**ASSIGNMENT**
Once the line holding "Start the air" is found in the listing below, write it out and each later line exactly, up to and including the one holding "In this video, you".
** Opening EXCERPTED DATA block **
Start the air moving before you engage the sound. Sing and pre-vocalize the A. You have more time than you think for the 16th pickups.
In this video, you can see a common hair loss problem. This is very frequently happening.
** Closing EXCERPTED DATA block **
** Opening EXCERPTED DATA block **
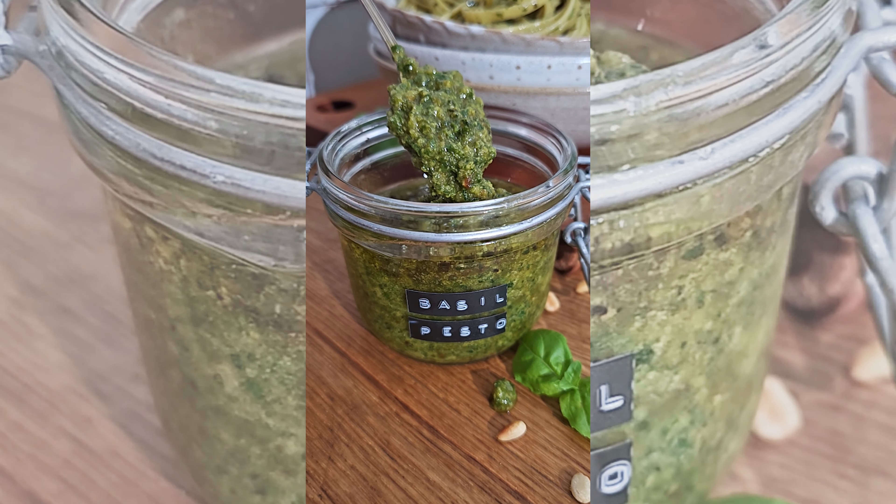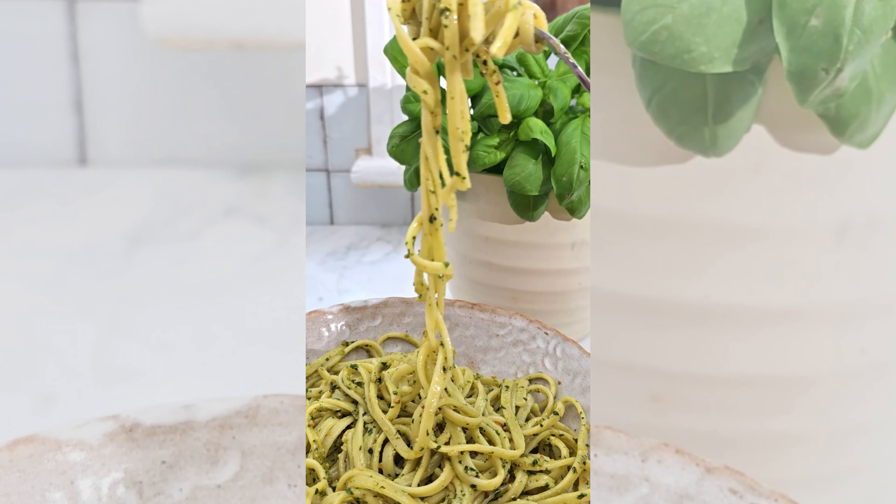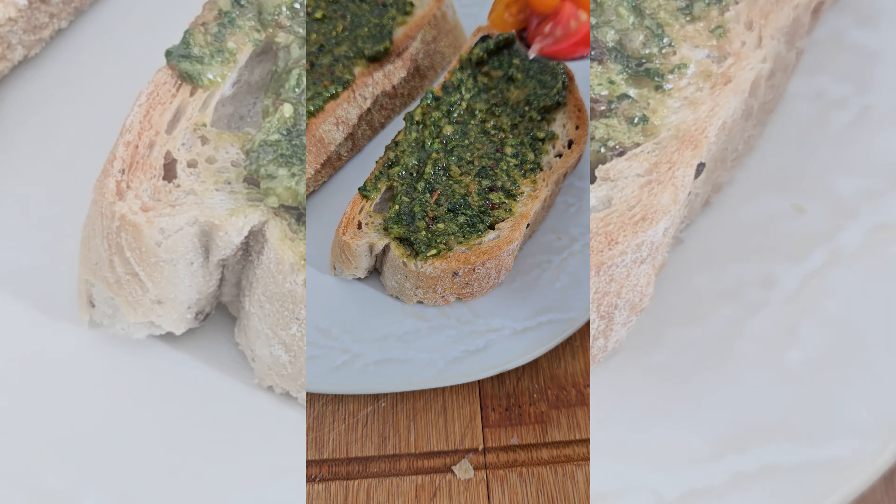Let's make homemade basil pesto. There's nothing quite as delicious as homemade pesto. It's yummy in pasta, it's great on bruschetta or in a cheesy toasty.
** Closing EXCERPTED DATA block **
**PROBLEM SOLUTION**
Start the air moving before you engage the sound. Sing and pre-vocalize the A. You have more time than you think for the 16th pickups.
In this video, you can see a common hair loss problem. This is very frequently happening.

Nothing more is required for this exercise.